In cerca di un garante - Anche da Bellinzona però niente dati, per ora, perché «il progetto prevede un adattamento del portale dei servizi online dell'amministrazione cantonale» e finora «non sono ancora stati incassati pagamenti». Se ne parlerà da giugno, probabilmente. Non è ancora stata individuata la società privata che garantirà il cambio dai bitcoin ai franchi.
Lugano accelera - Nel frattempo Lugano corre e, secondo alcuni, un po' troppo. Un limite per il pagamento delle imposte sul Ceresio non ci sarà, fanno sapere dalla Città. Da ambienti vicini al progetto trapela un passo ulteriore, ossia l'intenzione dell'esecutivo di realizzare il «primo impianto di mining pubblico» utilizzando computer comunali per "scavare" criptomonete con la tecnologia block-chain. Le voci sono piuttosto precise: a margine del lancio del "Piano B" il 3 marzo si sarebbe parlato di «un investimento di 20 milioni di franchi» da parte della Città, con una potenza di 10 megawatt ora.

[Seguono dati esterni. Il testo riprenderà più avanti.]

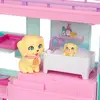 Cobi Set Little Live Pets Families Clinic MO-26673 Photo 7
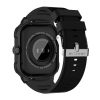 Blitzwolf BW-GTC3 Okosóra -Smartwatch (fekete)
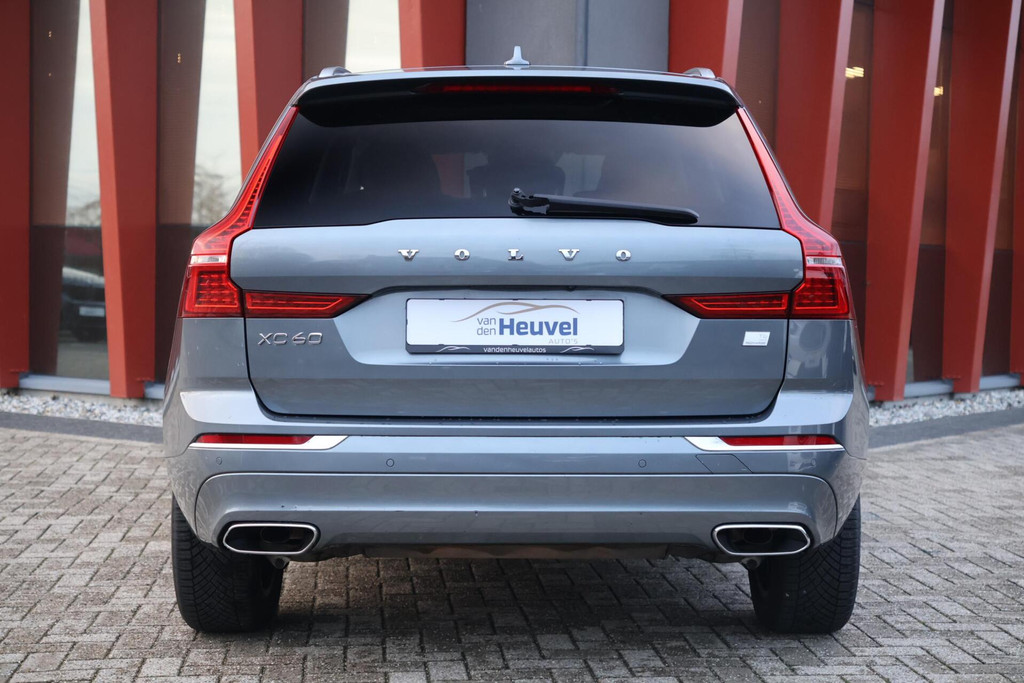 Volvo XC60 T6 Recharge AWD Inscription | Stoelverwarming | Panoramadak | HUD | 360° Camera | H/K | Leder | Keyless 50706317-3.jpg | Van den Heuvel Auto's B.V.
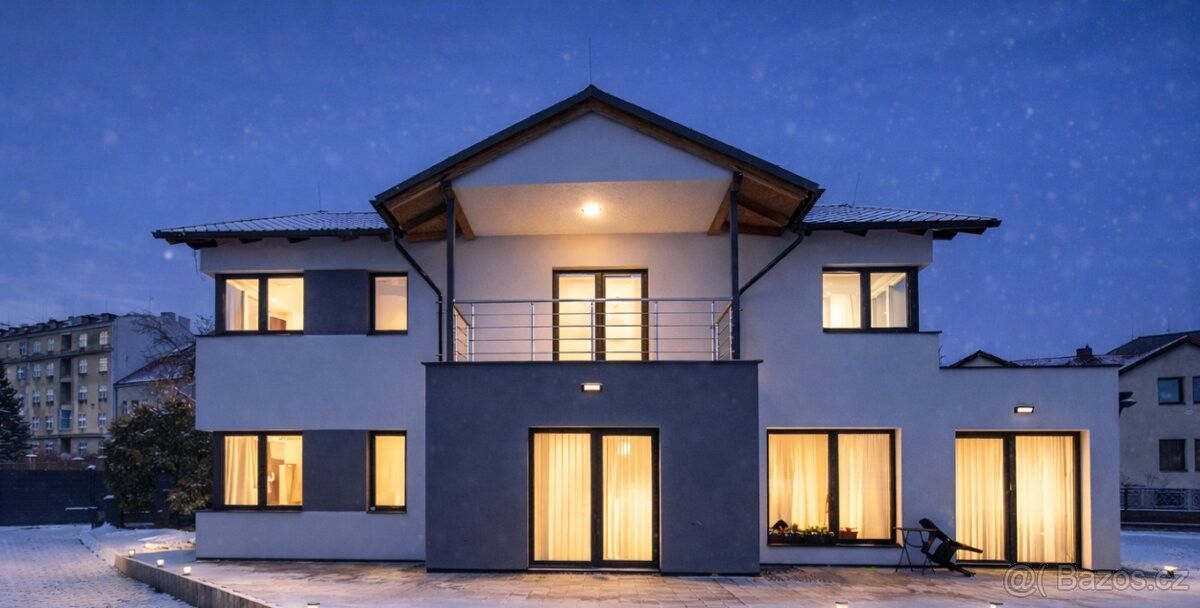 Byty, Jičín, 506 01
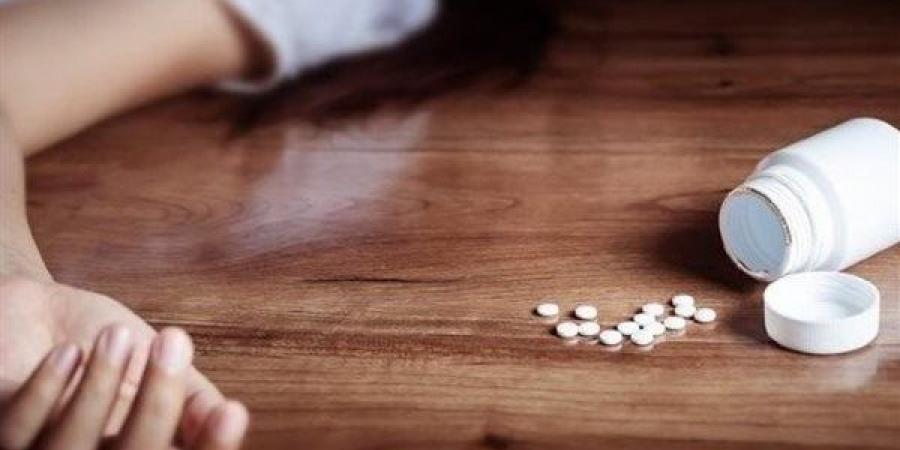 إنقاذ
      طالبة
      تناولت
      نصف
      قرص
      غلة
      داخل
      منزلها
      بالرحمانية
      في
      ميت
      غمر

No comment - Contattata, la Divisione sviluppo economico del Comune non ha commentato né fornito dettagli. Quel che è certo, è che il progetto dovrebbe passare eventualmente dal Consiglio comunale: e in tempi di caro-bollette l'umore del legislativo non sembra troppo ben disposto. L'impatto ambientale delle criptovalute - le miniere di bitcoin sono particolarmente "energivore" - è stato sottolineato da due interrogazioni al Consiglio di Stato (una interpartitica, prima firmataria Morena Ferrari Gamba, l'altra del Ps) solo settimana scorsa. Altre due, a inizio mese, erano state presentate da Ticino&Lavoro e dai Verdi. Resta da vedere se la miniera, oltre a tante polemiche, produrrà altrettante entrate per le casse pubbliche.